4. Fool, Kent and Lear

Lear is Here dir. Wu Hsing-kuo, Taiwan, 2001

Chapter 4:  Fool, Kent and Lear

Part 1

The stage lights come up to reveal a new set, with large boulders scattered on the stage, and a sprightly motif on the flute signals the entrance of The Fool to great applause, carrying the traveler’s bundle of Li’Er’s martial costume tied to a stick.  In contrast to the preceding scene, his white nose paint unmistakably signals the presence of the traditional chou or Fool character. In fact, experienced Beijing opera audiences can distinguish between different kinds of stage fools solely by the shape of the white nose-paint.  The Fool laments Li’Er’s folly, and weeps for him, though perhaps only pretends to weep, since he turns the weeping into fun, including singing the notes of the Western scale.  He announces his role directly — “Li’Er’s jester,” and describes his place bawdily as “under Li’Er’s crotch… Li’Er’s pet… Li’Er’s dog.”  This leads to varied impersonations of dogs, and speeches on the dignity of dogs, picking up and layering the many references in the text of King Lear to dogs as benchmarks of humanity and human behavior, from Kent’s “if I were your father’s dog you should not use me so” to Lear’s parable of the farmer’s dog chasing a beggar (4.7) which is echoed in Wu’s performance in this scene.  The Fool searches for Lear, weeps again, for Li’Er, but then admits that if Li’Er were present he would kick him. Like the fool in King Lear and other stage and court fools of the English Renaissance, Wu’s fool is bawdy, irreverent, mercurial in mood, threatened by punishment but willing to risk it for a laugh or to make a moral or philosophical point. He addresses the audience directly at times, and is able to use his role to criticize the powerful.  Wu’s Fool also remains close to the fools of Beijing opera, with his nose paint, crouching gait, characteristic finger- pointing gestures.  The Fool exits, promising the audience an example of why it’s a bad thing to grow old before one’s time — and when he reappears, it is, surprisingly, not as Lear but as the Duke of Kent, Lear’s loyal follower.

Part 2

Kent enters, characterizing himself as a court official — a class whose “swaggering” has been curtailed by the falling fortunes of the king they serve.

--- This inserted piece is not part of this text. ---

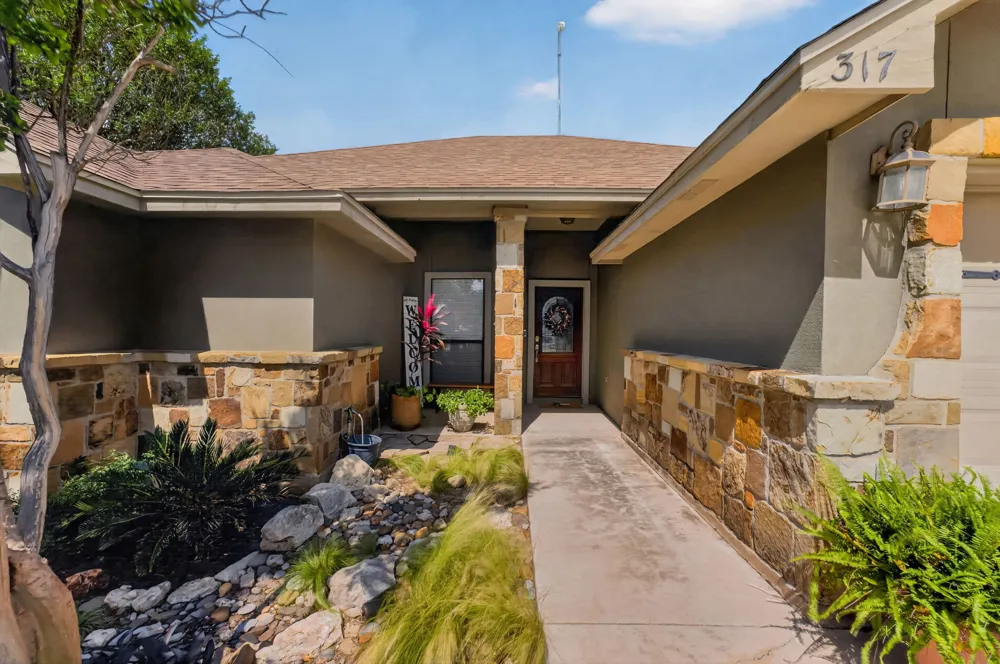 317 Yorktown Pleasanton, TX 78064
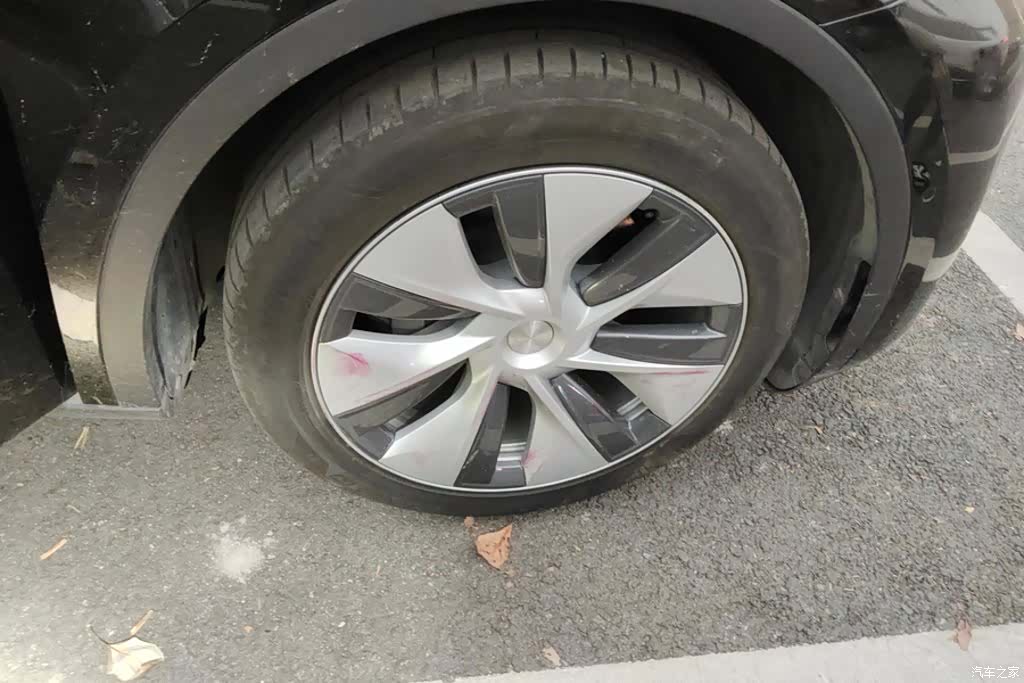 Tesla Model Y, 2022 6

He tells the audience the story of Lear’s misjudgment in dividing the kingdom and his betrayal by his elder daughters, who shut their castle gate against him.  As he tells the story, he reenacts material from the first scene of  King Lear , including his own pleas to Lear and Lear’s responses, and sings a song (not in Shakespeare) about how  “the hero never stops dreaming in banishment” and yearns to return to the homeland, then, asking Fortune to turn its wheel, rests on the stage, perhaps falls asleep momentarily and as he wakes becomes he Fool again without costume change.

Part 3

The Fool– still wearing Kent’s brown robe, compares their respective fates, and, hungry, pounces on Li’Er’s pack greedily, resuming his dog persona once more. Remembering that Li’Er once said “look not for gold in trash,” he searches for Li’Er in the rocks or “dog’s den” at the back of the circle.  The Fool conceives of the idea that he can smoke Lear out of his den by pissing on it, and dances delightedly at the prospect.  Lear speaks from the den, complaining of being awakened, and the Fool sings a song about a rich man in Taipei who bought his daughters each a building, and when they broke their bargain to care for him in return, he hired a bulldozer to knock them all down.  The song, perhaps the only unambiguously  local or topical reference in the play, is greeted by great applause and laughter.  (Wu repeated the song in his 2007 performance in New York, only changing “Taipei” to “New York” in the song — and did not get many laughs or applause).   The Fool then dons the beard from the Li’Er costume and moves from this analogy to the story of Li’Er’s folly in dividing his kingdom.

Exercise

Shakespeare’s Kent is presented, from the first scene, as a loyal supporter of the king, willing to challenge him, and even provoke the sentence of exile or death, in order to get him to see the truth about his daughters (“thy youngest daughter doth not love thee least..”).  Rather than accepting exile, he disguises himself as a rough and even more plain-speaking servant and enters the king’s service once again — only to be placed in the stocks by Goneril.  Wu’s Kent is rather different in this sequence from Lear is Here, but remains the loyal retainer.  Choose three short clips, that illustrate the evolution of the role of Kent in this sequence, attending to gait, vocal delivery and other details of physical presentation of the character.